**Data shown**:
════════════════

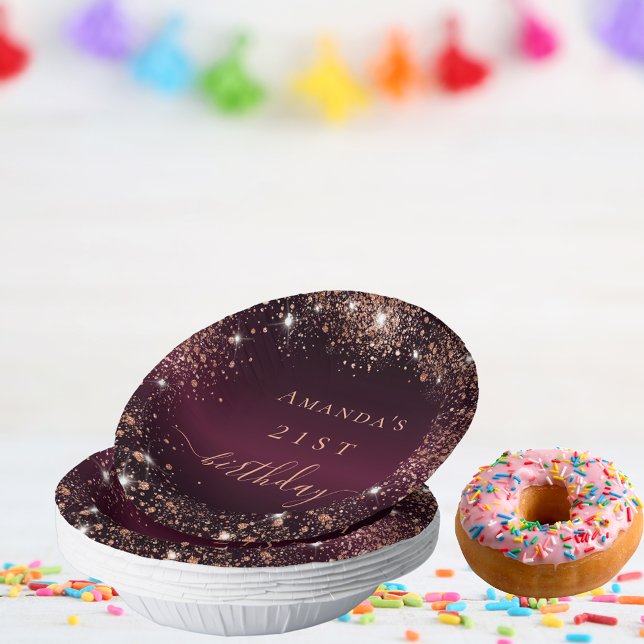 Birthday burgundy Rose Goldname-Skript Pappteller (Von Creator hochgeladen)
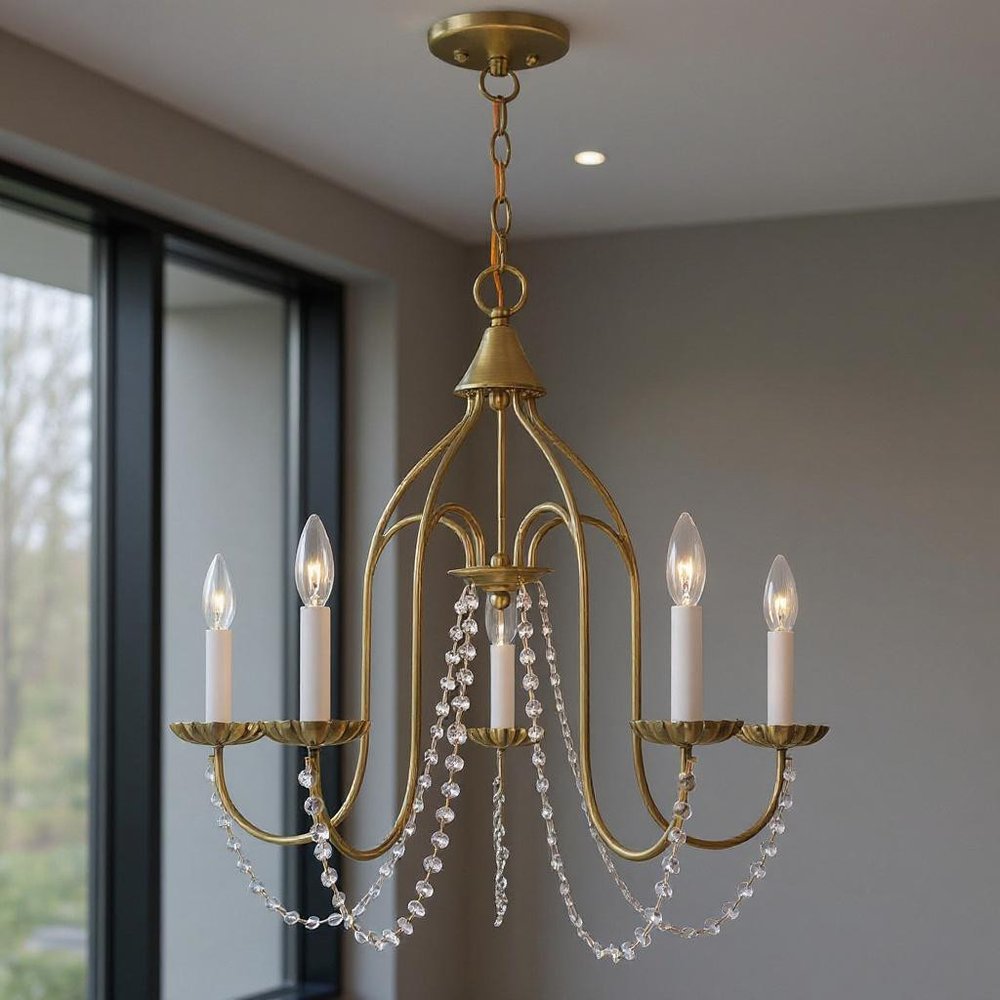 Five Light Dimmable Chandelier With Shades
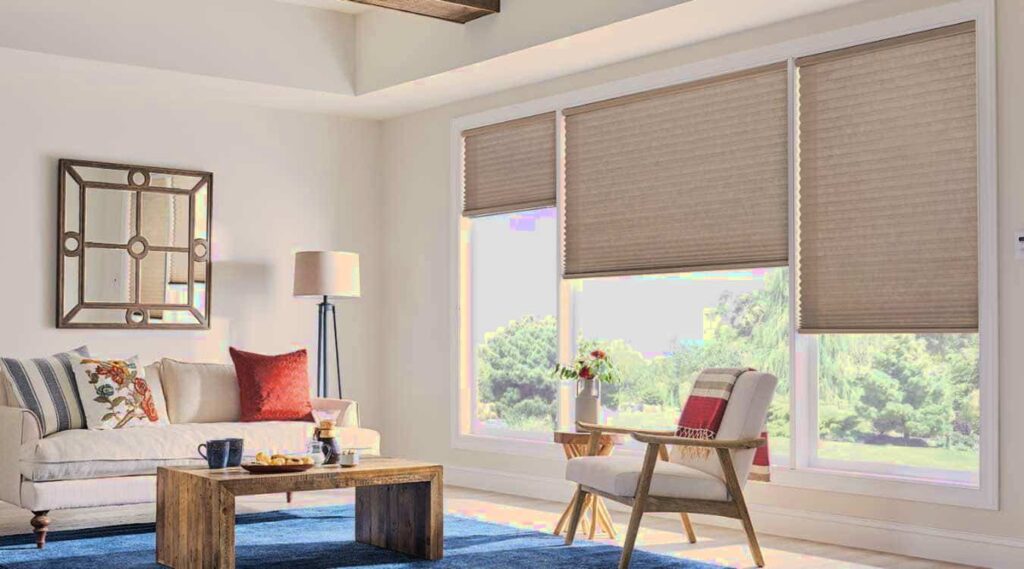 Client testimonial showcasing top plantation shutters Essex installation in a stylish living room.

════════════════

**Description of the task**: With pictures excluded, the data must be transcribed in full and to the letter.

**Expected answer**:
 Birthday burgundy Rose Goldname-Skript Pappteller (Von Creator hochgeladen)
 Five Light Dimmable Chandelier With Shades
 Client testimonial showcasing top plantation shutters Essex installation in a stylish living room.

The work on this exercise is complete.